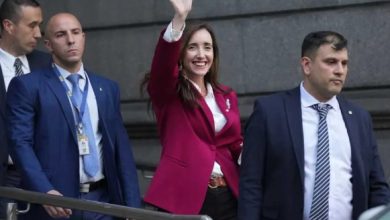 Cristina Fernández recibe en el Senado a la vicepresidenta electa Victoria Villarruel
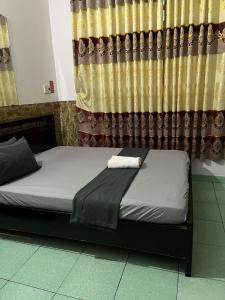 Giường trong phòng chung tại Khách sạn Hoàng Bảo Hùng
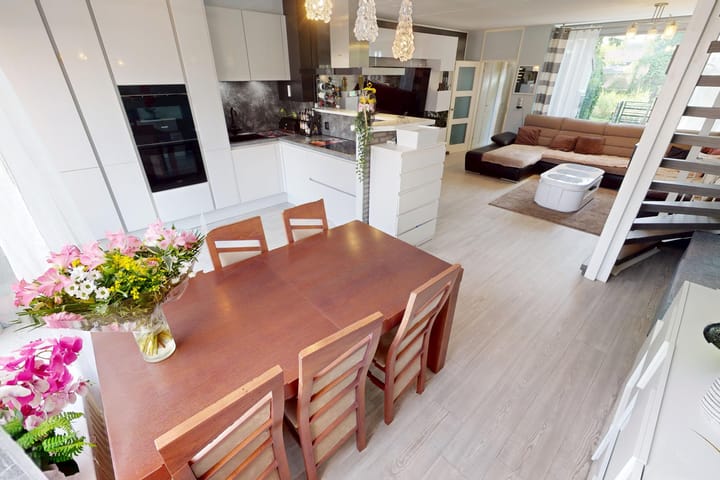 Foto 22 van Duiker 50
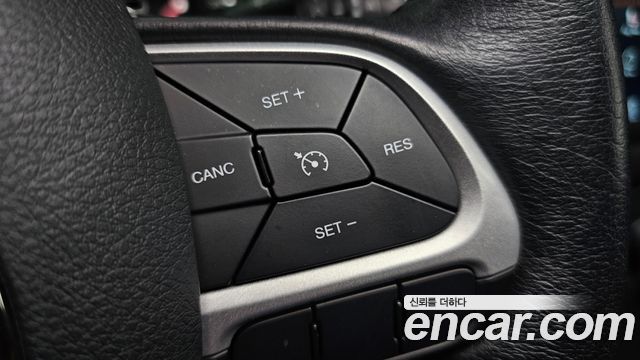 Jeep Renegade 2.4 Longitude 2021 — фото 20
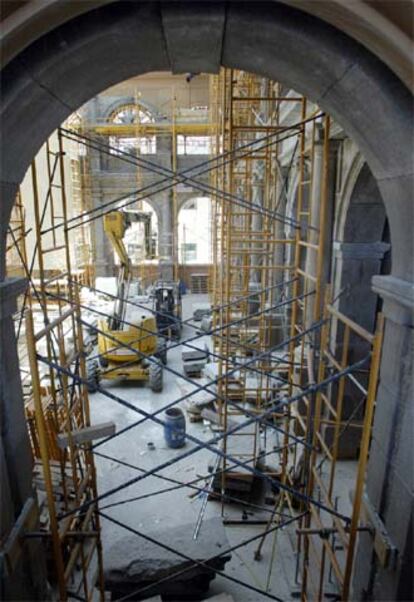 Reconstrucción del claustro de los Jerónimos, en la ampliación del Museo del Prado, en julio de 2004.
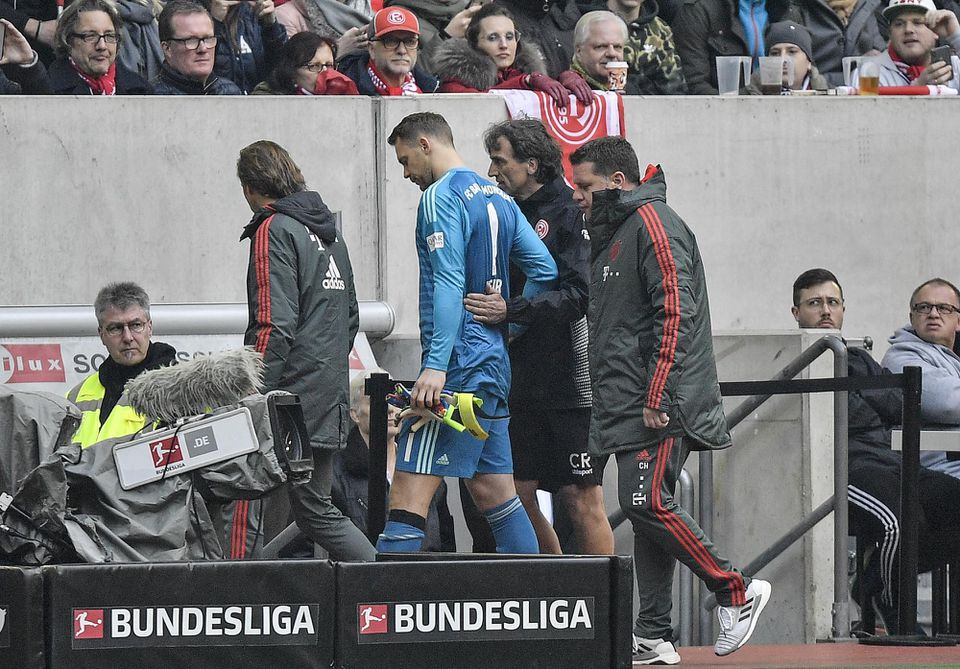 Manuel Neuer sa opäť zranil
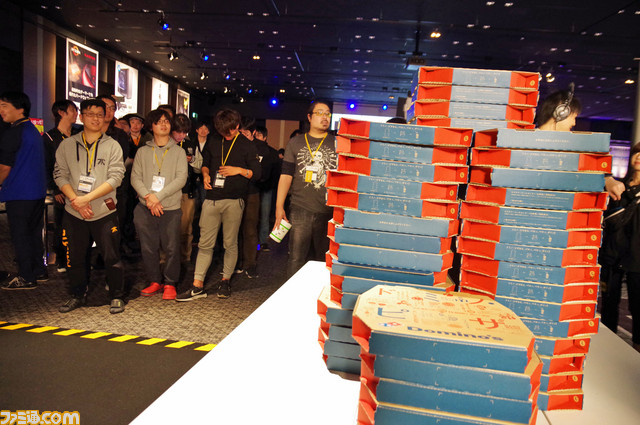 ゲーマーのコミュニティはマッドマックス――50時間以上ゲームを遊びまくるイベント“C4 LAN”裏話。esports除霊師との出会いが変化のきっかけ_32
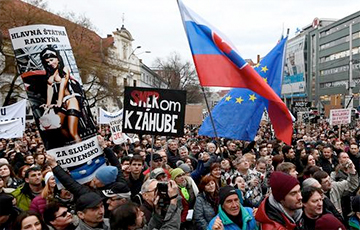 В Словакии прошли массовые акции против коррупции
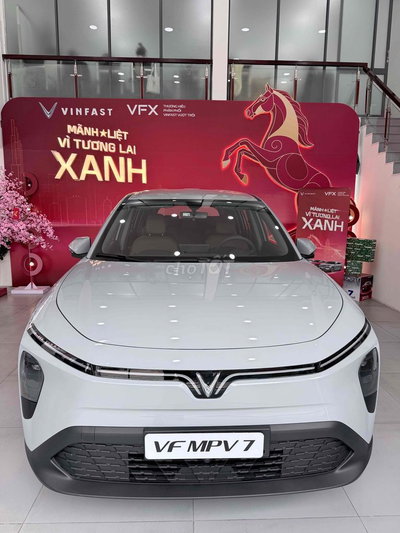 Xe điện VinFast VF MPV7 - Ưu đãi lên đến 14%🎁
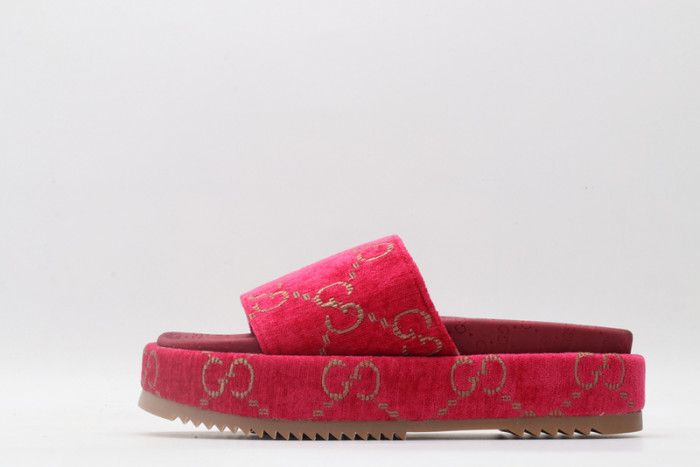 G*u*i* sandal67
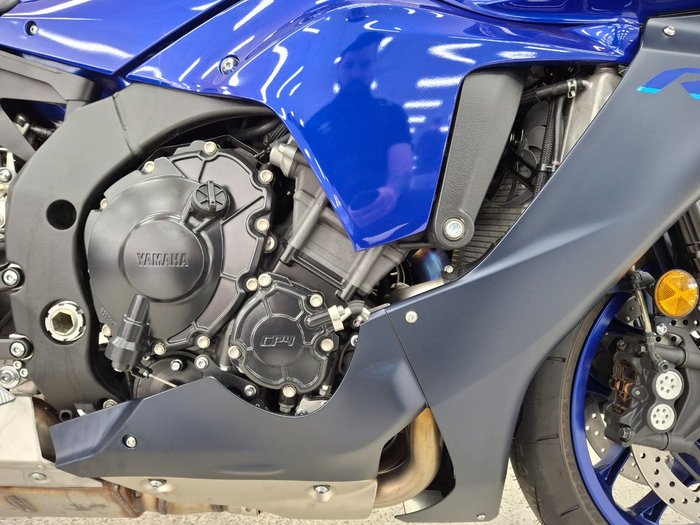 2023 YAMAHA YZF-R1 Blue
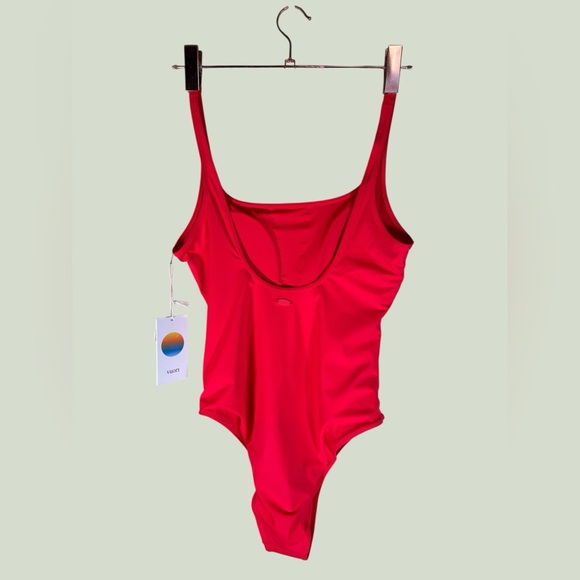 Vuori Encinitas One-Piece Top in Bright Red - Picture 2 of 5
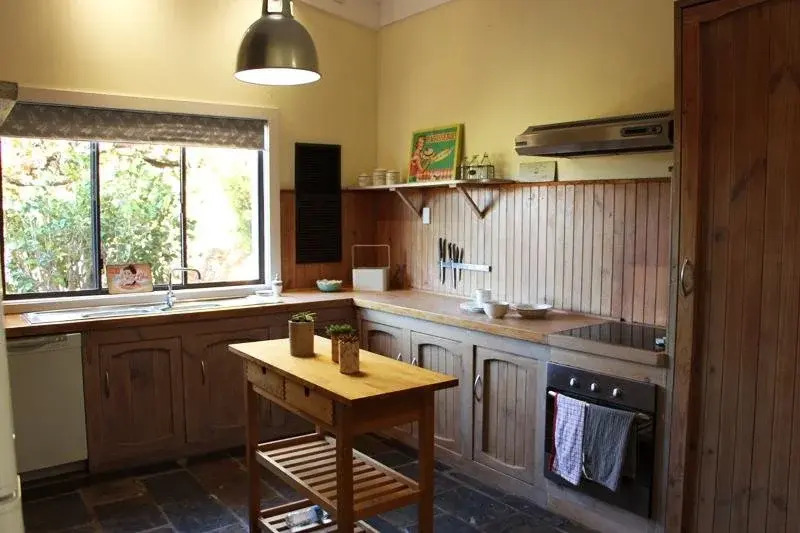 Bickley Valley Cottage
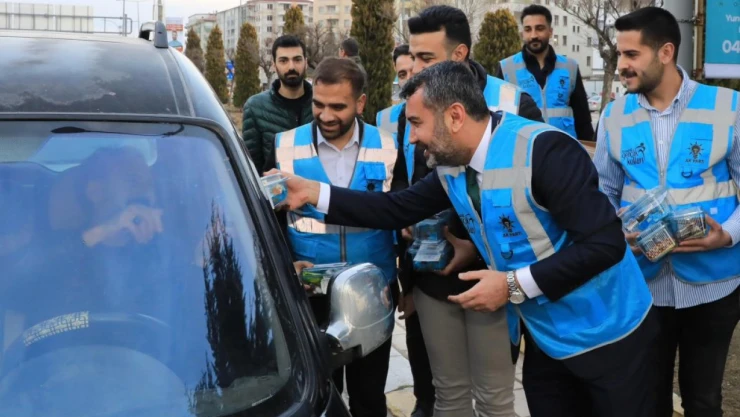 Başkan Şerifoğulları'ndan, İftarlık İkramı
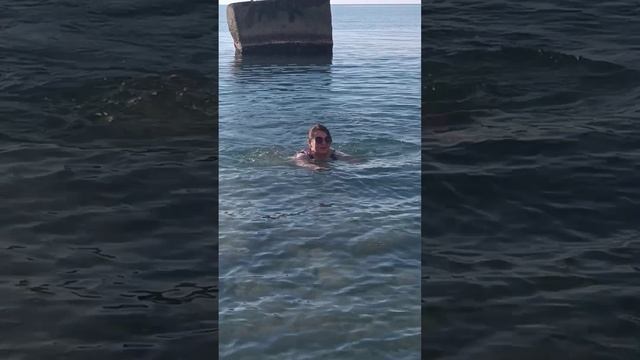 Море так и манит 🌊 Пойду занырну дельфинчиком🐬😁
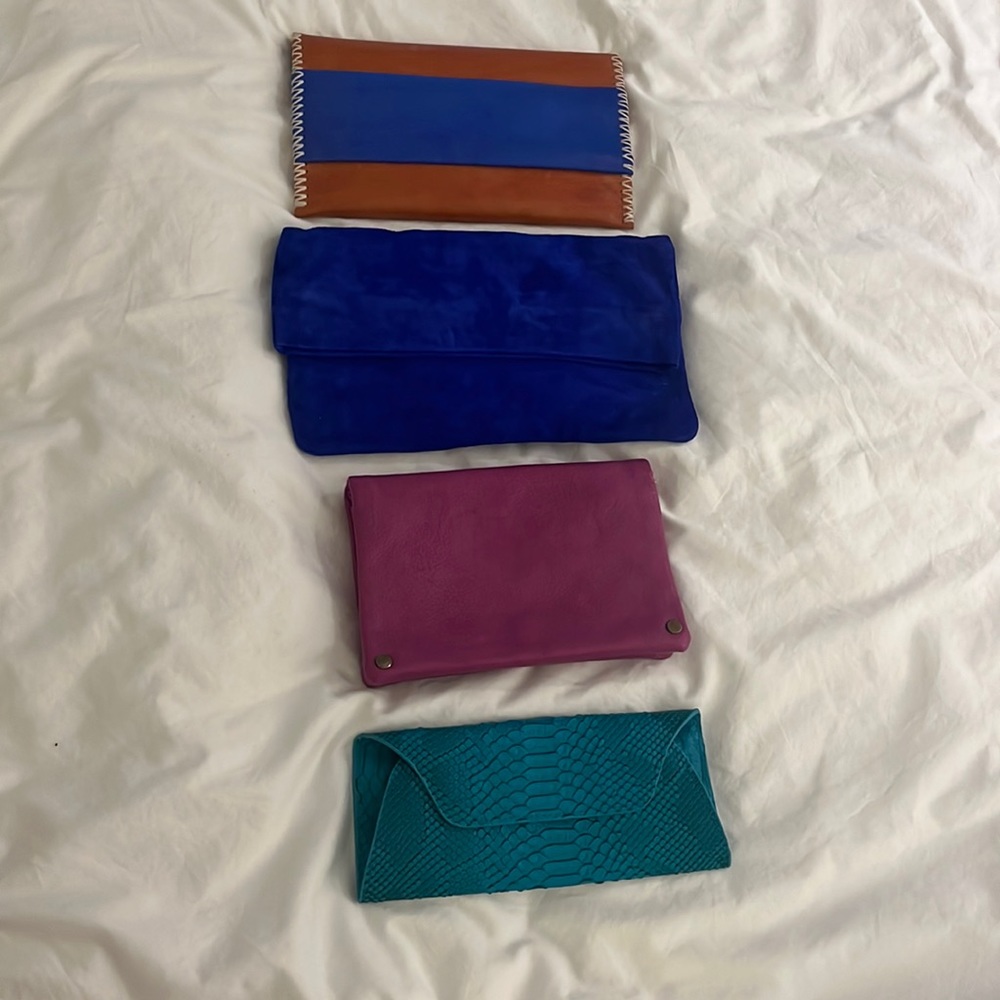 3 purses and 1 wallet
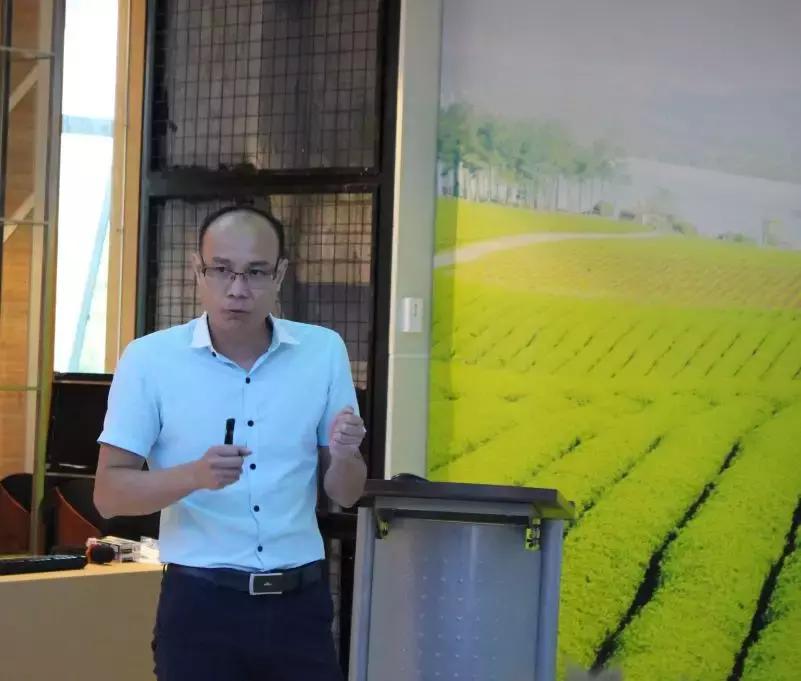 鑱氭ⅵ鍓嶈鑺傜洰,鑱氭ⅵ鍓嶈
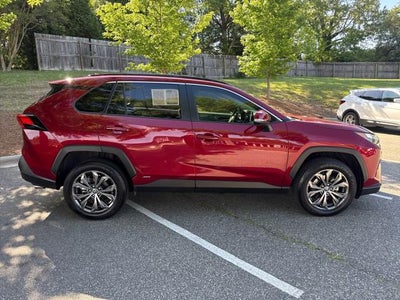 2025 Toyota RAV4 Hybrid XLE Premium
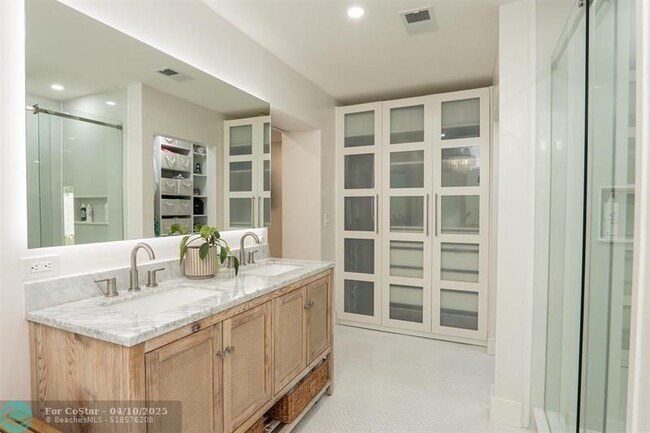 Building Photo - 633 Ocean Inlet Dr
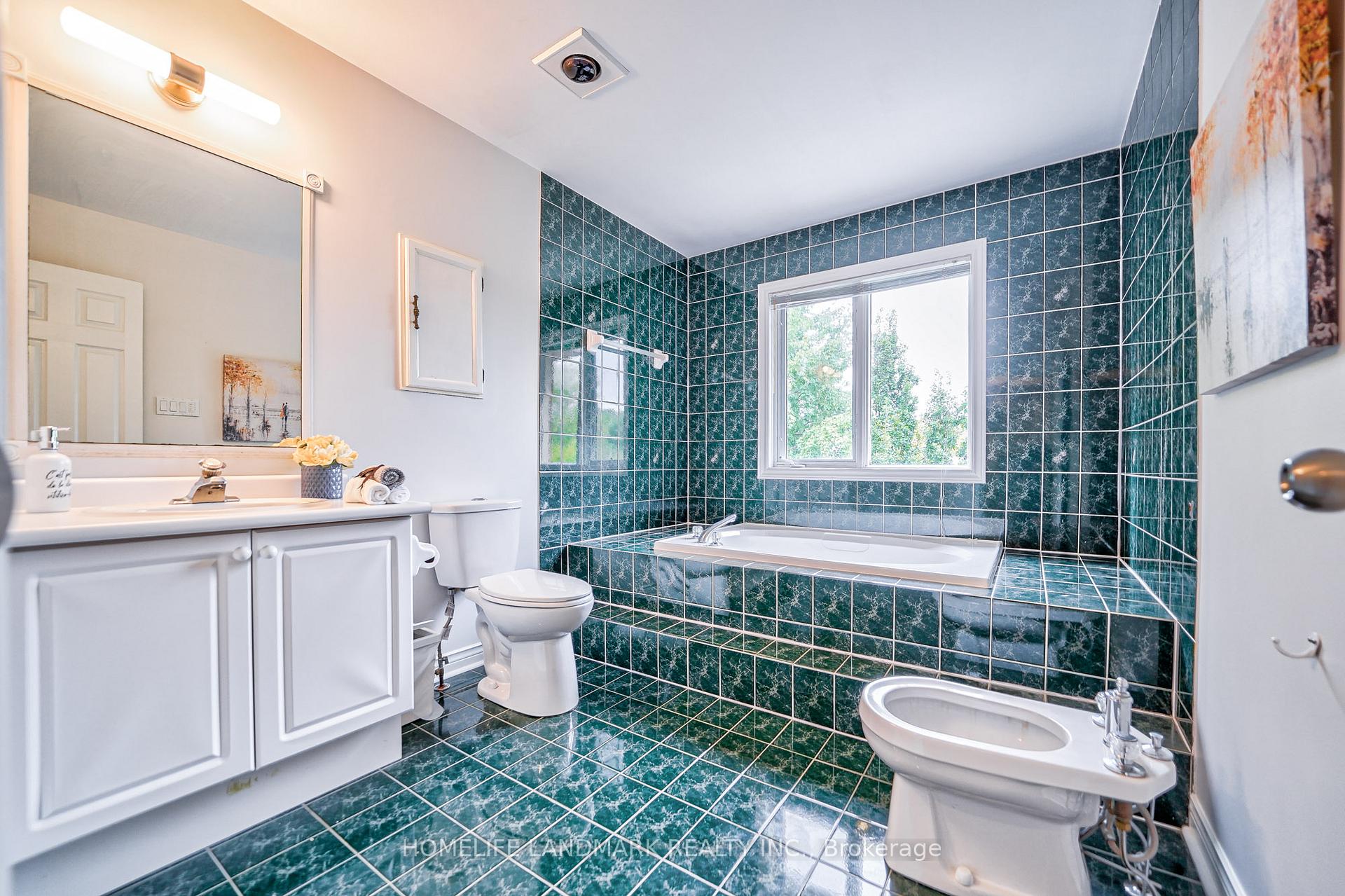 Photo 29 of Unit upper, 258 Stone Road, Aurora, Aurora Grove — HOMEH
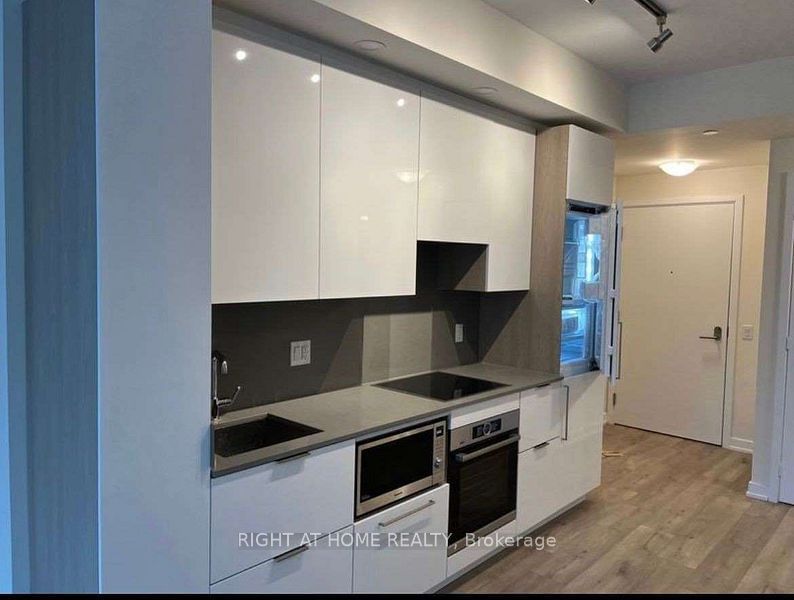 28 FREELAND St, unit 2506 for rent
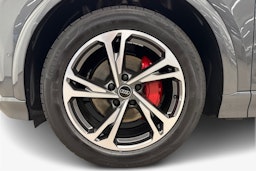 met. harmaa Audi Q6 e-tron 2025 kuva 9.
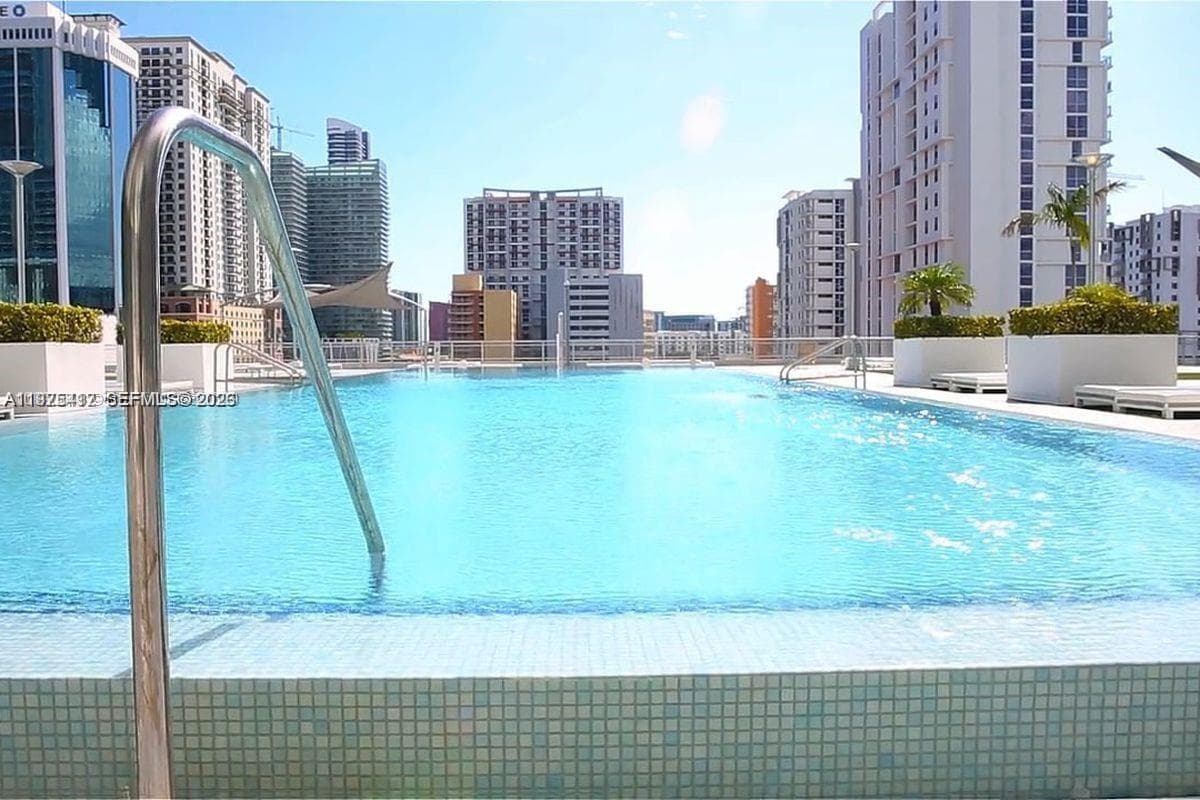 NEO VERTIKA CONDO · #1121 in Miami - Photo 30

-- Directions --
Please output only the lines running from the one that holds "Vuori Encinitas One-Piece" through the last line of the entries, both ends included, without any images.

-- Response to the task --
 Vuori Encinitas One-Piece Top in Bright Red - Picture 2 of 5
 Bickley Valley Cottage
 Başkan Şerifoğulları'ndan, İftarlık İkramı
 Море так и манит 🌊 Пойду занырну дельфинчиком🐬😁
 3 purses and 1 wallet
 鑱氭ⅵ鍓嶈鑺傜洰,鑱氭ⅵ鍓嶈
 2025 Toyota RAV4 Hybrid XLE Premium
 Building Photo - 633 Ocean Inlet Dr
 Photo 29 of Unit upper, 258 Stone Road, Aurora, Aurora Grove — HOMEH
 28 FREELAND St, unit 2506 for rent
 met. harmaa Audi Q6 e-tron 2025 kuva 9.
 NEO VERTIKA CONDO · #1121 in Miami - Photo 30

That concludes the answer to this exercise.